DEVICE = triton.runtime.driver.active.get_active_torch_device()


def is_hip():
    return triton.runtime.driver.active.get_current_target().backend == "hip"


def is_cdna():
    return is_hip() and triton.runtime.driver.active.get_current_target().arch in ('gfx940', 'gfx941', 'gfx942',
                                                                                   'gfx90a', 'gfx908')


def naive_softmax(x):
    """Compute row-wise softmax of X using native pytorch

    We subtract the maximum element in order to avoid overflows. Softmax is invariant to
    this shift.
    """
    # read  MN elements ; write M  elements
    x_max = x.max(dim=1)[0]
    # read MN + M elements ; write MN elements
    z = x - x_max[:, None]
    # read  MN elements ; write MN elements
    numerator = torch.exp(z)
    # read  MN elements ; write M  elements
    denominator = numerator.sum(dim=1)
    # read MN + M elements ; write MN elements
    ret = numerator / denominator[:, None]
    # in total: read 5MN + 2M elements ; wrote 3MN + 2M elements
    return ret

当在 PyTorch 中简单实现时,对于 \(x \in R^{M \times N}\) 计算 y = naive_softmax(x) 需要从 DRAM 读取 \(5MN + 2M\) 个元素,并写回 \(3MN + 2M\) 个元素。这显然是浪费的;我们更希望有一个自定义的“融合”核函数,它只需读取一次 X 并在芯片上完成所有必要的计算。这样做只需要读取和写回 \(MN\) 字节,因此我们可以预期理论上约 4 倍的加速(即 \((8MN + 4M) / 2MN\))。torch.jit.script 标志旨在自动执行这种“核函数融合”,但正如我们稍后将看到的,它仍然远非理想。

计算内核

我们的 softmax 核函数工作原理如下:每个程序加载输入矩阵 X 的一组行(按程序数量进行跨步),对其进行归一化,然后将结果写回输出 Y。

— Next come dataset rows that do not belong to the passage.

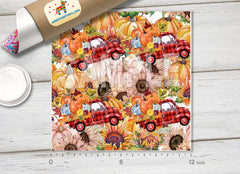 Pumpkin Truck Patterned HTV H063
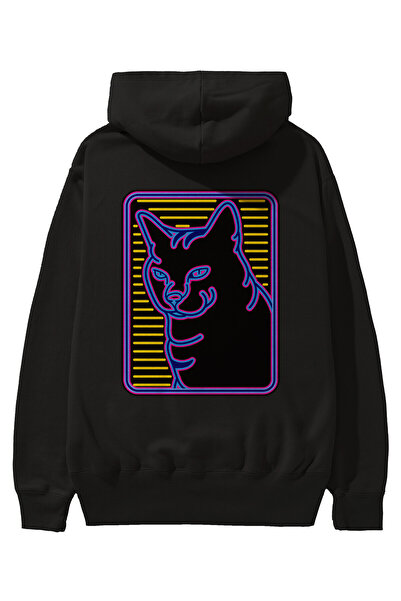 Ankhises Neon Cat Back Štampano Crna Oversize kroj Sa kapuljačom Dukserica Mu...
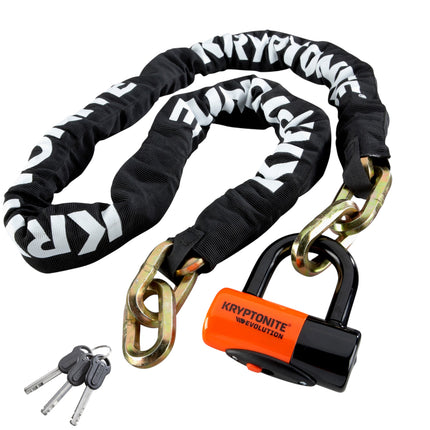Kryptonite New York Chain 1217 Bike Lock 5.5ft with EV Series 4 Disc Lock + 3.5ft Reminder Cable - Heavy Duty Security Chain for High Theft Risk Areas - Maximum Protection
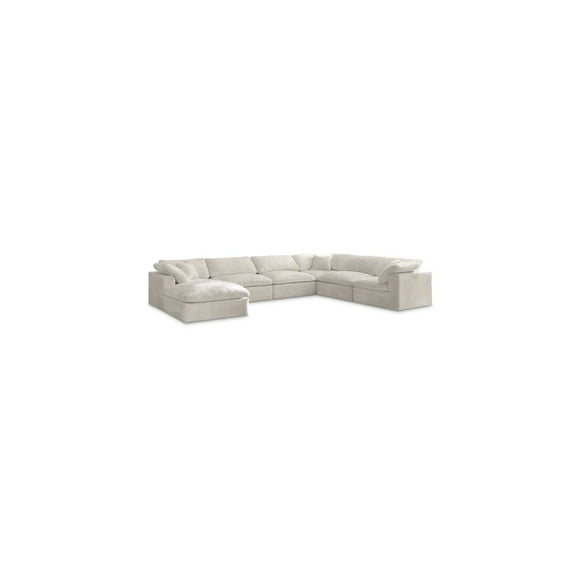 Meridian Furniture Cozy Cream Velvet Modular Sectional
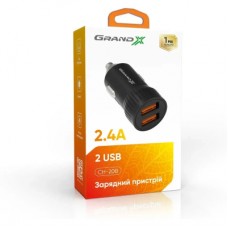 Зарядний пристрій Grand-X 1xUSB 2.4A car adapter black (CH-20B) - Фото
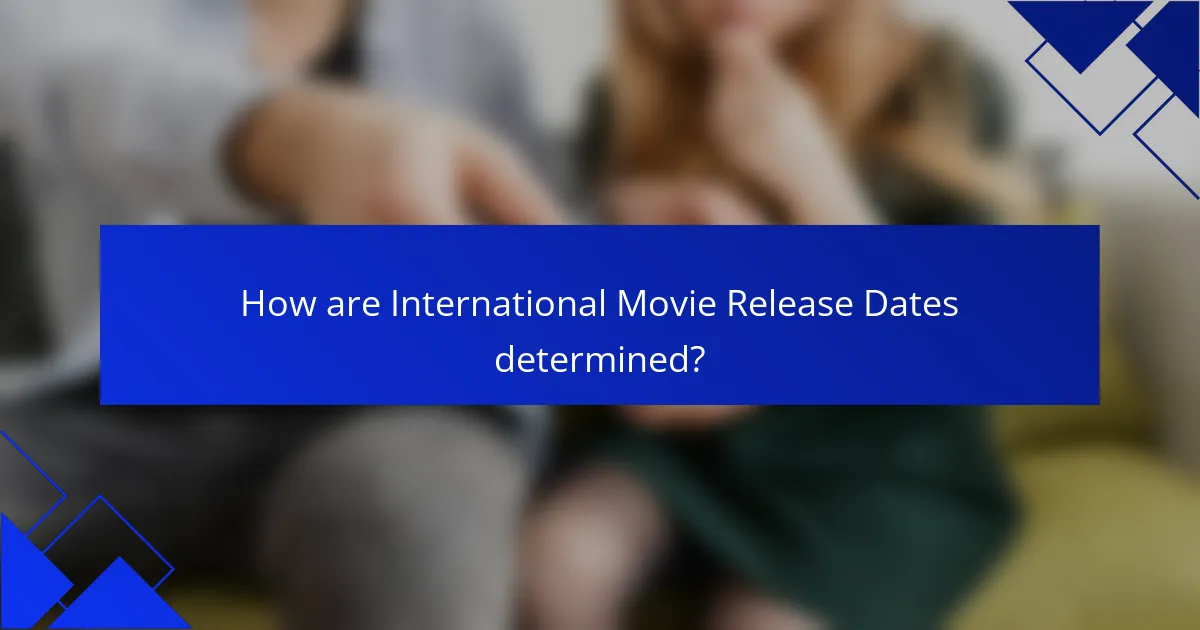 How are International Movie Release Dates determined?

请注意,Triton 的一个重要限制是每个块必须包含 2 的幂次方个元素,因此如果我们想要处理任何可能的输入形状,就需要对每一行进行内部“填充”,并适当地保护内存操作。

@triton.jit
def softmax_kernel(output_ptr, input_ptr, input_row_stride, output_row_stride, n_rows, n_cols, BLOCK_SIZE: tl.constexpr,
                   num_stages: tl.constexpr):
    # starting row of the program
    row_start = tl.program_id(0)
    row_step = tl.num_programs(0)
    for row_idx in tl.range(row_start, n_rows, row_step, num_stages=num_stages):
        # The stride represents how much we need to increase the pointer to advance 1 row
        row_start_ptr = input_ptr + row_idx * input_row_stride
        # The block size is the next power of two greater than n_cols, so we can fit each
        # row in a single block
        col_offsets = tl.arange(0, BLOCK_SIZE)
        input_ptrs = row_start_ptr + col_offsets
        # Load the row into SRAM, using a mask since BLOCK_SIZE may be > than n_cols
        mask = col_offsets < n_cols
        row = tl.load(input_ptrs, mask=mask, other=-float('inf'))
        # Subtract maximum for numerical stability
        row_minus_max = row - tl.max(row, axis=0)
        # Note that exponentiation in Triton is fast but approximate (i.e., think __expf in CUDA)
        numerator = tl.exp(row_minus_max)
        denominator = tl.sum(numerator, axis=0)
        softmax_output = numerator / denominator
        # Write back output to DRAM
        output_row_start_ptr = output_ptr + row_idx * output_row_stride
        output_ptrs = output_row_start_ptr + col_offsets
        tl.store(output_ptrs, softmax_output, mask=mask)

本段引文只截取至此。